I was surprised by this response, and troubled. My students are definitely bilingual. They all come from homes in which another language is spoken almost all of the time and they spend their entire day at school learning and participating in English. My students have adopted a deficit-based understanding of their own abilities and see bilingualism as a binary switch – either you are or you aren’t.
It is hard to say from where or how this self-perception developed, but it demonstrates the power and privilege of English in our society today. In our public schools, students who are continuing to develop their English proficiency are called “English Language Learners” or “ELLs.” Even this label highlights the dominance and power of the English language while discounting the linguistic abilities that our students already have. “English Language Learners” are also more often students of color. (White students who are in a dual-language program are never referred to as “Spanish-Language Learners,” a double standard that pervades our mindset about bilingualism.) ELLs rarely get to showcase their language abilities in school because the focus is always on mastering English. By denying students the ability to think of themselves as bilingual, we are lowering their self-confidence and perceptions of self-worth. They constantly see themselves as lacking, when in fact with every new word they learn in English, they are becoming enormously more linguistically talented than the majority of white Americans.

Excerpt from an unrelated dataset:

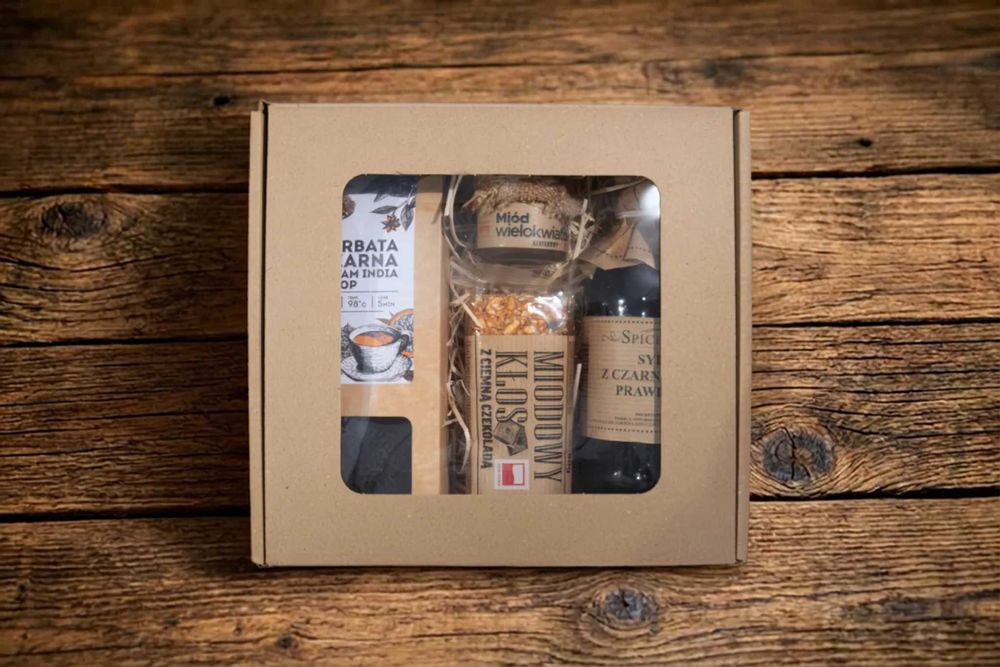 Zestaw prezentowy pudełko na prezent box urodziny imieniny walentynki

After learning from my 7th and 8th graders’ experiences at the start of the year, my colleagues and I made it an underlying mission of our daily language-based intervention groups, and our work in the school, to empower our students to take ownership of their bilingualism. During the first month of working with our students, we discussed bilingualism as a spectrum, and studied the effects and benefits of bilingualism. My students got very excited about an opinion piece in the New York Times, which discusses the effects of being bilingual on brain power, a short video that helps students visualize what is going on in a bilingual brain, and a Ted Talk that equates bilingualism to a superpower.

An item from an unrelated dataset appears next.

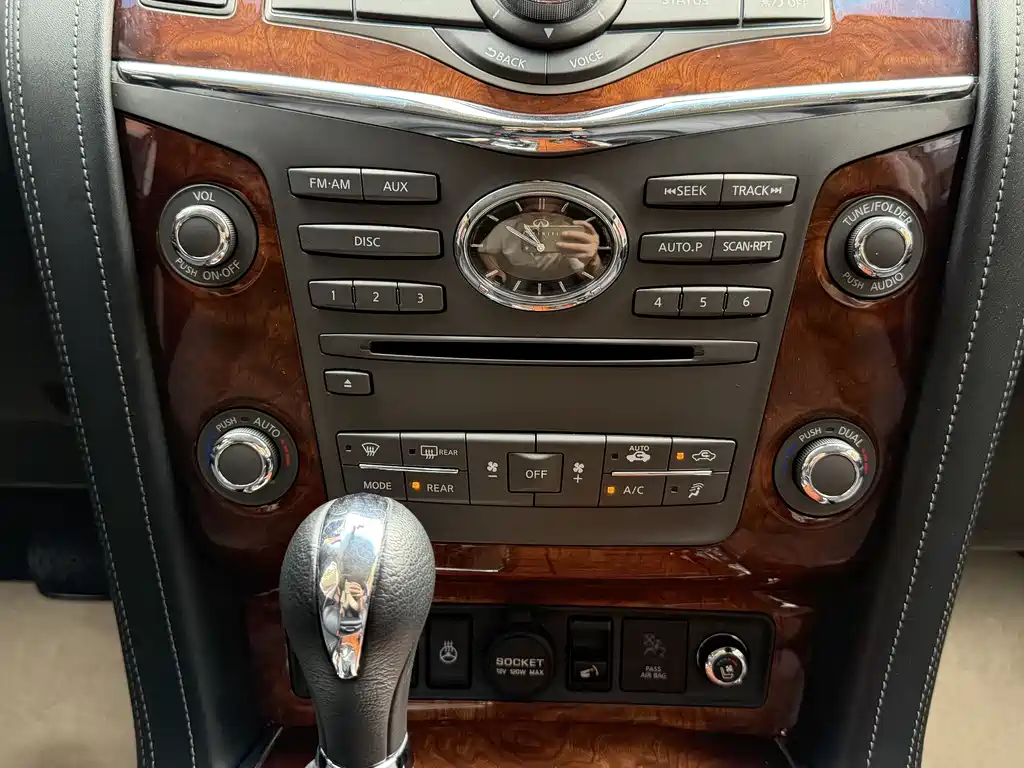 Infiniti Infiniti QX80 2016 5.6L 4WD 2018 - thumbnail 10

My students, while still hesitant to fully embrace their bilingual identities, are now more open to the idea. They had heard that being bilingual in the workforce can result in higher pay or promotions, but never thought of themselves as part of that category. By explicitly teaching the power of bilingualism, our classroom became a conducive learning environment with strong relationships, fostering academics alongside social-emotional learning. Students are slowly beginning to see themselves as the talented individuals that they are.
There are a few intentional school-wide changes that we have made in order to combat our students’ negative self-image, as well. Thanks to the wise words of a few Bilingual Education experts, our school now refers to our “English Language Learners” as “Emerging Bilinguals” to emphasize the ideal outcome for our students – proficiency and confidence in two or more languages, not just in English. We have also made an effort to increase family engagement to take advantage of the enormous cultural wealth that our community members have to offer.
As Massachusetts has recently passed the LOOK Act (Language Opportunity for our Kids), it is the moment to change the way we value and educate Emerging Bilinguals in our schools. Dual-language programs, native language literacy programs, seals of biliteracy, and Parent Advisory Councils are just some of the ways that we can adapt our programs to better meet the needs of our most talented, and most often overlooked, students.
After seeing my students’ reactions to what I thought would be a simple question, I believe it is imperative that we acknowledge what it means to be bilingual earlier on in our students’ curriculum, as well as consistently throughout their time in our schools. We cannot wait until students begin to question their strengths later on in their educational career. We must validate all students’ abilities, and allow students to see their diverse cultural and linguistic backgrounds as the assets that they are.